Because there is no splunk utility to clean up all index db in Indexer Clustering environment in the current version ( v6.2.2 ), I did the following steps.
Version: 6.2.2
CM: Cluster Master
CP: Cluster Peer
Start CPs
Start CM
If CM is up, starting a CP does not get does not take time at "Waiting for web server at http://127.0.0.1:55110 to be available...." and starts within five sec.
It seems like splunkweb got stuck until CP is connected to CM.
So the best practices here are not to stop the cluster master, but to put it into maintenance mode. This will prevent bucket fixup and cluster rebalancing processes from being run.

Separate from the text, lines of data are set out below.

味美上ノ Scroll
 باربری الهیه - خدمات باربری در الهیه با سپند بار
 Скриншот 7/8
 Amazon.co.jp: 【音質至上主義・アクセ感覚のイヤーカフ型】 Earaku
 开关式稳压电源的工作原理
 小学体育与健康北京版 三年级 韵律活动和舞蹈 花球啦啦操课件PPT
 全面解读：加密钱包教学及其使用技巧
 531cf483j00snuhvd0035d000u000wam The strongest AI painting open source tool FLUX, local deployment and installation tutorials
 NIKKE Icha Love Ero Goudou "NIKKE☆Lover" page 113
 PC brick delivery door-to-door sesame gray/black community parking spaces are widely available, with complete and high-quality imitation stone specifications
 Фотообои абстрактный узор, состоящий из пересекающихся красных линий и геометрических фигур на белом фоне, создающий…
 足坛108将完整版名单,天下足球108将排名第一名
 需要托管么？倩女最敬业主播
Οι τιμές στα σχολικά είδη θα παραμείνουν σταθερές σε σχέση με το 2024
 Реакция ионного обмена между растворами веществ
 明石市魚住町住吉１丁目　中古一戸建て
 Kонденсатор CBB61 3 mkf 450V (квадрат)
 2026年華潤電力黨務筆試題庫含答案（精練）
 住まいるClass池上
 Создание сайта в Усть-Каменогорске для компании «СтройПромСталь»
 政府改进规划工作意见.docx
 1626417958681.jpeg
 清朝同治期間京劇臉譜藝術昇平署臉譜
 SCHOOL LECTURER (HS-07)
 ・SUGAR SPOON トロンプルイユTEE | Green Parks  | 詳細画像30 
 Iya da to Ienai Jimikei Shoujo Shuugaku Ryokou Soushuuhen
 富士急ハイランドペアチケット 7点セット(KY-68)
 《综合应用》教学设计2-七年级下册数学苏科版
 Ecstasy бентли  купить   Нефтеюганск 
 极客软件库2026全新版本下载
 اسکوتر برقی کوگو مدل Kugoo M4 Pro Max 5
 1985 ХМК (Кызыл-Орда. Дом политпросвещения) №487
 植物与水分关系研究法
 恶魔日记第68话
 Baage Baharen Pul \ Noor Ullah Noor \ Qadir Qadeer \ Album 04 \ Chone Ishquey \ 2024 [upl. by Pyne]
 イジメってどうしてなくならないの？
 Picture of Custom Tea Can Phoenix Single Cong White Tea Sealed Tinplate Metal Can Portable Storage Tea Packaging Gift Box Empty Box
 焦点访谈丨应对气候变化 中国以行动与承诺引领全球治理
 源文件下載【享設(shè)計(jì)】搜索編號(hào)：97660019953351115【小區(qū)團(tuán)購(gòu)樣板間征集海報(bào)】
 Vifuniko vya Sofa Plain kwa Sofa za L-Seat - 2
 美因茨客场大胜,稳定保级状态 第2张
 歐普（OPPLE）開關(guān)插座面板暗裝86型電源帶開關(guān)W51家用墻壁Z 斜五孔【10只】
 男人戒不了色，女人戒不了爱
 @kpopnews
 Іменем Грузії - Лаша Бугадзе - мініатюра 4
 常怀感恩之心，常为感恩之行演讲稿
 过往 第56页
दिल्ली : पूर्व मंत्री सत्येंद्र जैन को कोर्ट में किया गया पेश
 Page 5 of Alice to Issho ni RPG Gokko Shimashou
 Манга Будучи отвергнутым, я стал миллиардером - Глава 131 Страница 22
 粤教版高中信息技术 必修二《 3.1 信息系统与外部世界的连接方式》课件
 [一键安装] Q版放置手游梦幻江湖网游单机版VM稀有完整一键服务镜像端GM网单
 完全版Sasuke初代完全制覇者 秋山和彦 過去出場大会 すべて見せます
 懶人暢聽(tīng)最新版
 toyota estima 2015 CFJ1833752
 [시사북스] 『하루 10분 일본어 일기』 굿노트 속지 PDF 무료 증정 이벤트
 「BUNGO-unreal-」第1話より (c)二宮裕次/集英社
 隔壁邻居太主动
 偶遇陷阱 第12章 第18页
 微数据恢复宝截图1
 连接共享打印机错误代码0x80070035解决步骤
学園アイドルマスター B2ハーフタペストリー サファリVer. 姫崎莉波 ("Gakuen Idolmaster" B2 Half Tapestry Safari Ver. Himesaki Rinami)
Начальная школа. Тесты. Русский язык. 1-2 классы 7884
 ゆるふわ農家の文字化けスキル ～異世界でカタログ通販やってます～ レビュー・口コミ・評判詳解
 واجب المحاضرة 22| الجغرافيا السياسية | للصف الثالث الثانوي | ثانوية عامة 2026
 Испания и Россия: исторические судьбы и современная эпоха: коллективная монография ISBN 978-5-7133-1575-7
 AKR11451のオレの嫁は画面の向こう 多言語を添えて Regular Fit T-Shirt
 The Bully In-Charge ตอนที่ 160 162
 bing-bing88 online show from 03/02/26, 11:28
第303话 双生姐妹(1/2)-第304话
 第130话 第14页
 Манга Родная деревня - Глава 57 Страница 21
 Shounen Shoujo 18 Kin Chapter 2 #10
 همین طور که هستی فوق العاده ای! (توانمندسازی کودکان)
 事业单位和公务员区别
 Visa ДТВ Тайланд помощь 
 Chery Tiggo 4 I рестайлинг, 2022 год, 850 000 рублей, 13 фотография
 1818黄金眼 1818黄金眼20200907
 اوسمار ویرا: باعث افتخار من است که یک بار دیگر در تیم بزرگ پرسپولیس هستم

After this, you can stop the individual peers, clean the indexes and restart them. Once this is completed across the cluster, you should take the master out of maintenance mode.
When the peers start, they are attempting to reach out to the cluster master, register, and get peer information in order to meet the CLuster's Search and Replication factors. So yes, with out the cluster master up and running, it will take time for the peers to start.
During the start process, you can monitor the splunkd.log file (in $splunk_home$/var/log/splunk/splunkd.log) and see its connection attempts to the Cluster Master.
Thanks for your advice.
I wanted to make sure when CM is down this slow start-up happens as expected.